Source material: Begin

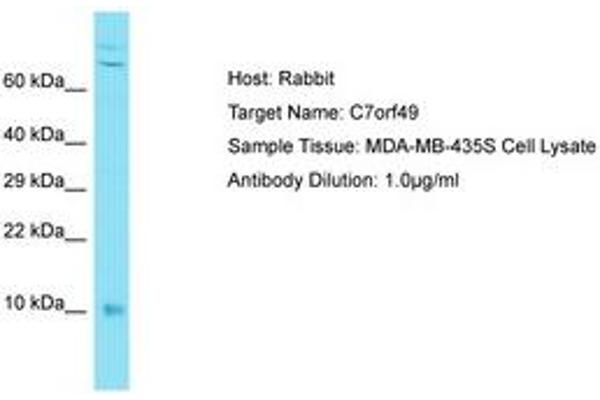 anti-Chromosome 7 Open Reading Frame 49 (C7ORF49) (AA 8-57) antibody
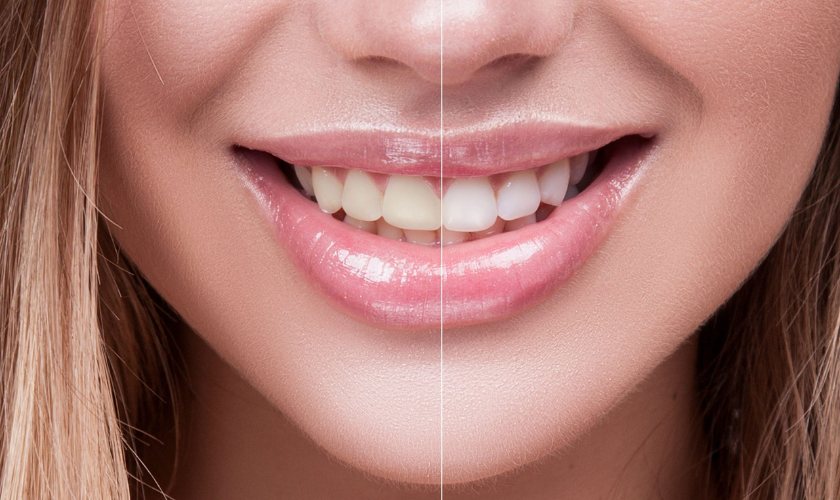 teeth whitening middletown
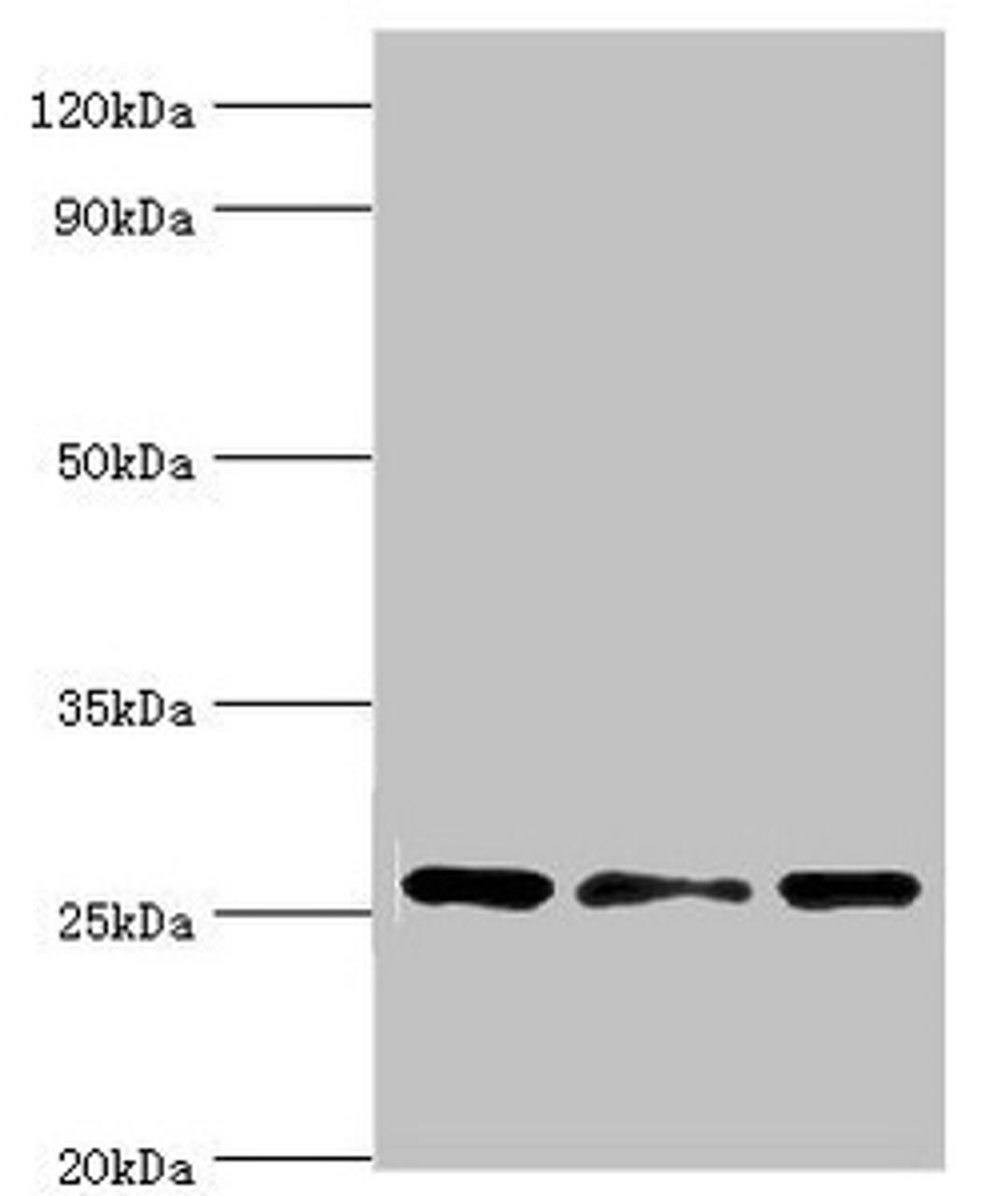 Western blot. All lanes: Chloride intracellular channel protein 1 antibody at 4ug/ml. Lane 1: Hela whole cell lysate. Lane 2: Jurkat whole cell lysate. Lane 3: MCF-7 whole cell lysate. Secondary. Goat polyclonal to rabbit IgG at 1/10000 dilution. Predicted band size: 27 kDa. Observed band size: 27 kDa.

Source material: End

Leave the pictures out. Output exactly, and only, the lines from the one with "teeth whitening middletown" through the last line of the listing above, both included.

 teeth whitening middletown
 Western blot. All lanes: Chloride intracellular channel protein 1 antibody at 4ug/ml. Lane 1: Hela whole cell lysate. Lane 2: Jurkat whole cell lysate. Lane 3: MCF-7 whole cell lysate. Secondary. Goat polyclonal to rabbit IgG at 1/10000 dilution. Predicted band size: 27 kDa. Observed band size: 27 kDa.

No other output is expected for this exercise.